I have spent the past few days sorting and folding and figuring out where to donate some clothing items or who to give them to, because i feel i can do with much less than i currently have even though i gave away half my stuff already just a few years ago. I thought i would need that stuff eventually or miss it but i do not. Instead i want even less! In this process i have found myself so thankful for what i have and the fact that i do not feel the need to have more stuff...so thankful for the contentment i have found in living with less, but more on that later...
While sorting and folding, i have found myself reflecting on the summer we just ended and what a gift it was...reflecting (especially after an event, as opposed to in the moment) helps make things so much clearer for me. It was not all perfect (it never really is) but it was beautiful, and involved a lot of travel. Travel will always have a special place in my life...from a young age my dreams were about going away to faraway lands and exploring.
I feel so grateful for the chance to have those lazy days in June, in Sardina (Sadegna). I lazed around in the mornings, sometimes on my sea view balcony other days at the beach, taking in the fresh sea air, soaking up those morning, gentle rays and just being in the moment. In the afternoons if we were not napping after exhausting ourselves swimming in the sea, we lugged coolers to the shore packed with cold beverages and salami sandwiches that we ate with sandy hands when taking breaks from splashing in the sea and our snorkeling adventures. In the evenings we strolled the beautiful sidewalks, ate ice-cream and sometimes attended the community summer festivals that took place most nights.
In August i finally had the chance to visit Santorini, this beautiful island i always wanted to see. The breathtaking sunsets and views did not disappoint. The culture and food was a joyful experience. The whitewashed walls and bright blue doors and rooftops, the white sand and black sand and feta cheese...it was all divine. The only thing that could compete with the stunning colors of the buildings is again, the famous santorini sunset! I feel thankful that i was able to go.
I did a lot of traveling this year (i won't get into all the places i went) than i ever have before, and it was all so necessary. It was yet another chance to change things up, inhale and exhale. I found myself dizzied with so much gratitude than usual, and being in the moment more than ever. I did not take so many pictures but gosh, my heart felt so full.
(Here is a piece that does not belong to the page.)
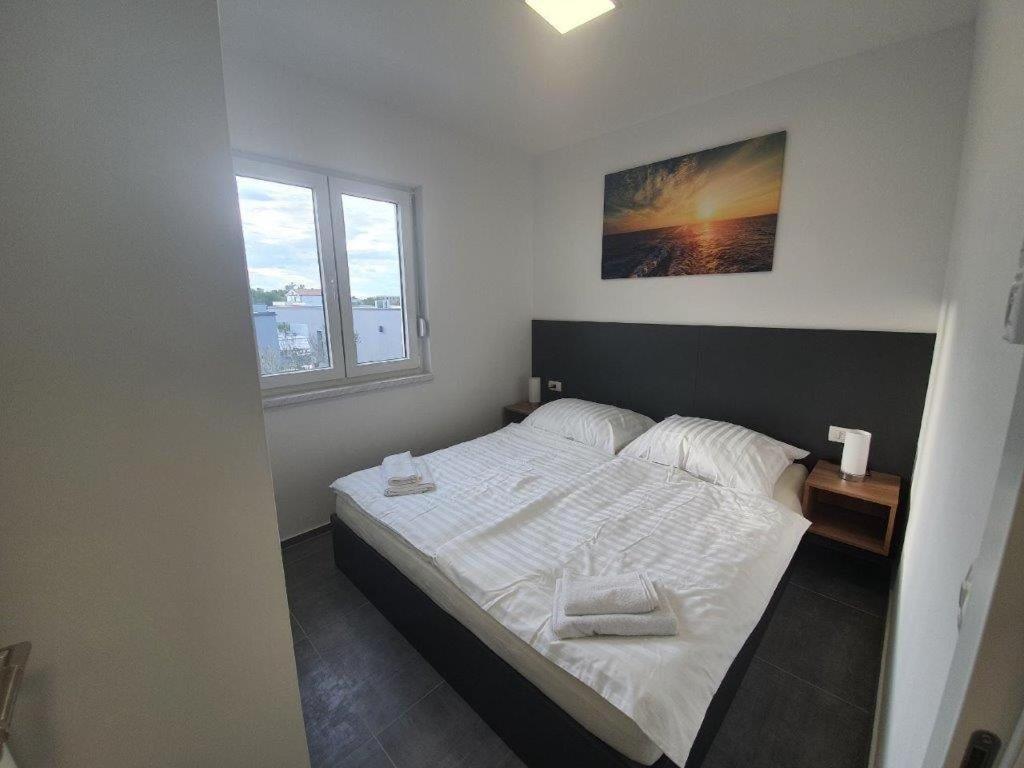 V Apartman Vir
Now that summer is gone and the cold air is starting to creep in, i find myself shifting and adjusting mentally but also emotionally (the seasons tend to do this to me) in a good way. I find myself self-reflecting while sipping on hot tea, stuck indoors as the rain pours...and sometimes nostalgic for the sea air...but in all this my heart is full. I think i might have one more trip (or two) that involve sun that i will squeeze in between winter but even if that doesn't happen, i feel this gratitude for what was this summer, and that's what this journey is about.